Tutorial
Most Python developers reach for Pandas or Polars when working with tabular data—but DuckDB offers a powerful alternative that’s more than just another DataFrame library. In this tutorial, you’ll learn how to use DuckDB as an in-process analytical database: building data pipelines, caching datasets, and running complex queries with SQL—all without leaving Python. We’ll cover common use cases like ETL, lightweight data orchestration, and interactive analytics workflows. You’ll leave with a solid mental model for using DuckDB effectively as the “SQLite for analytics.”

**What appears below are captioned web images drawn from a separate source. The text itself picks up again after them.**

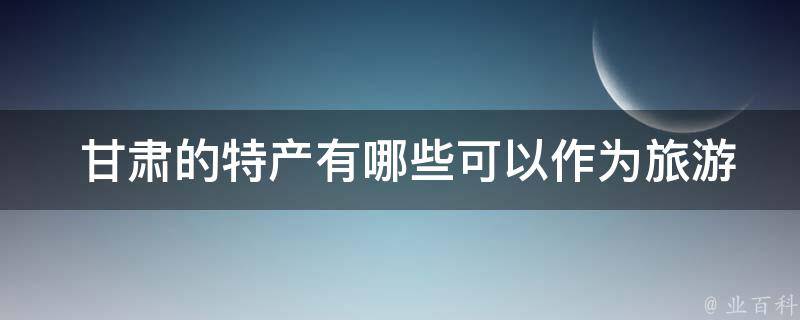  甘肃的特产有哪些可以作为旅游纪念品带回家的？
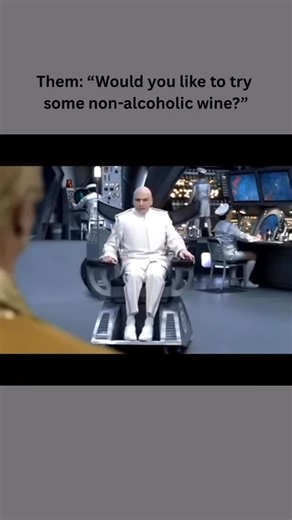 Taylor Camp | Men’s Lifestyle | Napa Valley on Instagram: "Them: “Would you like to try some non-alcoholic wine?” Dr. Evil: “How about no.” Let’s unpack that for a moment. Because what you’re really saying is, “Would you like to experience the full ritual of wine—pouring it, sniffing it, swirling it, pretending to find notes of blackberry and crushed granite—without any of the effects that make it tolerable, enjoyable, or remotely worth it?” You want me to sit there, glass in hand, sipping sadne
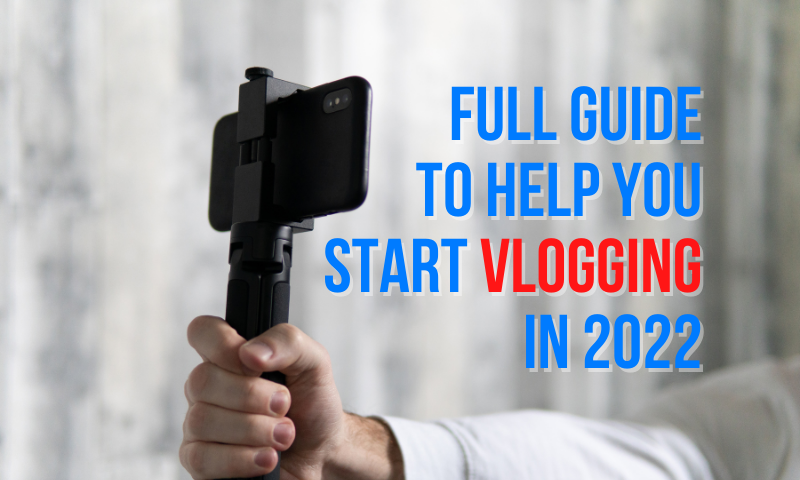 Increase your earnings through vlogging. Full guide for 2022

Basic SQL and Python skills
The goal of this tutorial is to help Python users understand and use DuckDB not just as a DataFrame interface, but as a fully featured analytics database embedded in their Python workflows. We'll highlight real-world patterns where DuckDB shines compared to traditional libraries, especially for medium-scale datasets that don’t justify a full data warehouse.
You’ll learn:
- When and why to reach for DuckDB instead of Pandas/Polars
- How DuckDB handles local files (CSV, Parquet, JSON, Postgres database, and more)
- Using DuckDB to build lightweight, SQL-based data pipelines
- Techniques for caching intermediate data in-process
- How to analyze data from remote sources via HTTP or S3
- Tips for using DuckDB with Jupyter, dbt, or your favorite Python tools
Data engineer
I'm Mehdi, also known as mehdio, a data enthusiast with nearly a decade of experience in data engineering for companies of all sizes. I'm not your average data guy—I inject humor and fun into my work to make complex topics easier to digest. When I'm not actively contributing to the data community through my blog, YouTube, and social media, you can find me off-beat, marching to the beat of my own data drum. Recently, I joined Motherduck as a developer advocate, where I bring my data engineering expertise to supercharge DuckDB.